I would like to get it working faster. After getting sort so fast remove_if, split and to a lesser extent join are probable the biggest performance bottlenecks in kvasir.io. Especially since lists of 500 elements are quite possible and clang is gaining traction in the embedded field I would like it to work with clang defaults.

[jonathanpoelen]

remove_if<L,Pred> = partition<L,Pred>::second_type and partition works with more than 1800 elements with clang.

[brunocodutra]

Just found out about your work on Brigand, which looks very similar to my work on Metal, so perhaps we can share some ideas.

You may implement removeif and also other similar algorithms using [tree-like folds](https://en.wikipedia.org/wiki/Fold%28higher-order_function%29#Linear_vs._tree-like_folds) that only recurse Log2(N) times (I call it reduce). Basicaly you transform the list using variadic expansion so that every element that should stay in the list is mapped to a list containing this single element, while elements that should be removed are mapped to an empty list. Then you reduce the list of lists, into a single list by concatenating the inner lists pairwise.

I've successfully tested this approach for lists containing several thousands of elements without needing to increase the limits of recursive instantiation. Please refer to metal::remove_if

[odinthenerd]

not a bad idea, how does your join using reduce compare to just a plain old fast tracked recursive join in compilation speed? Seems like something like this (excuse my lazy psydocode)

template<typename...T1s, ... typename T16s, typename... Ls>
struct join<list<T1s...>, ... list<T16s>> : join<list<T1s..., ... list<T16s>>, Ls...>{};

should be faster on smaller (less than 200 elements) lists any way. I do agree there is a point where N/16 + N%16 is not less than Log2(N) but I would also argue that the constant is much higher in your case as well. The question is whether lists which are big enough to merit your method are actually practical in context.

[brunocodutra]

Well to be honest I have ruled out such optimizations as unrolling recursive instantiations during the development of Metal, as it leads to excessive repetition of boilerplate code, which in turn makes the abuse of the preprocessor too tempting to resist and I made the point keep Metal free of macros and the LOC count as low as I possibly could.

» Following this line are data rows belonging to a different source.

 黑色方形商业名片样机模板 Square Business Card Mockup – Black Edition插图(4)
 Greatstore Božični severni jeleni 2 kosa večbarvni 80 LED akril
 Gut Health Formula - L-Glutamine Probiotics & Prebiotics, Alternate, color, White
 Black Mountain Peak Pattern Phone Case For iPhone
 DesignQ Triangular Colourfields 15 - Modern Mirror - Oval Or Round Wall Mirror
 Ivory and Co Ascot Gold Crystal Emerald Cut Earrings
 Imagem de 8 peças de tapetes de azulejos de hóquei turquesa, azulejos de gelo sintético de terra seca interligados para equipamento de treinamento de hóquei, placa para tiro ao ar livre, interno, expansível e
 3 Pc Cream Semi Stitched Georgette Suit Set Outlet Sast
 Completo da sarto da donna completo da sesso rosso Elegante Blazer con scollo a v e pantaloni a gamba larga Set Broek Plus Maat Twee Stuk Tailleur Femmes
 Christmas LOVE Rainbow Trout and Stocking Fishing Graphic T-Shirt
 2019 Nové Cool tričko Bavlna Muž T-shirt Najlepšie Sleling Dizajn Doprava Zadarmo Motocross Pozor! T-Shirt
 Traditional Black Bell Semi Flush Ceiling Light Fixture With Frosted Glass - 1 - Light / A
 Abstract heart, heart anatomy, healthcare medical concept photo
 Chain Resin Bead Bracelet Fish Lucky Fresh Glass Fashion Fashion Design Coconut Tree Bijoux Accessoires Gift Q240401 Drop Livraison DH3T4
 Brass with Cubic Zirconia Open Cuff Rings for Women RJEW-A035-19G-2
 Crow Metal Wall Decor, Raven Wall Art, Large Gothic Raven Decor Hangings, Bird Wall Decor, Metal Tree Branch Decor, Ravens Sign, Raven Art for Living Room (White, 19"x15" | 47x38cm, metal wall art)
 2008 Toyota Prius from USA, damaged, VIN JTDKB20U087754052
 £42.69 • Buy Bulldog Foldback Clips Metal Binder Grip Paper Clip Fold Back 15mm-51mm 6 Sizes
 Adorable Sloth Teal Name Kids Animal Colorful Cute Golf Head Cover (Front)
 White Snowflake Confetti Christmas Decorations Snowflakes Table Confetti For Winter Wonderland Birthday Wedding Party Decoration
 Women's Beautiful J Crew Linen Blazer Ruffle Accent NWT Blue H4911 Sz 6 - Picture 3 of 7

Later this evening I will give you exact numbers, but if I remember it well it takes just a second or two on my personal laptop to join something like 1000 lists.

---

@porkybrain Just benchmarked metal::join on my personal laptop for a thousand distinct pairs, which is important to note, otherwise results would be biased by template memoization.

compiler	time elapsed
GCC 5.3	4.6 s
Clang 3.9	2.7 s

---

Most probably a fast tracked recursive join would be much faster than a purely reduced join for a sufficiently small number of elements, but perhaps you could combine both approaches, I mean, instead of reducing the problem down to joining lists pairwise, it could be reduced down to groups of 16 or less (assuming you unroll it up to 16). That would probably overcome your limitations of recursion depth limits while keeping it fast for smaller number of elements.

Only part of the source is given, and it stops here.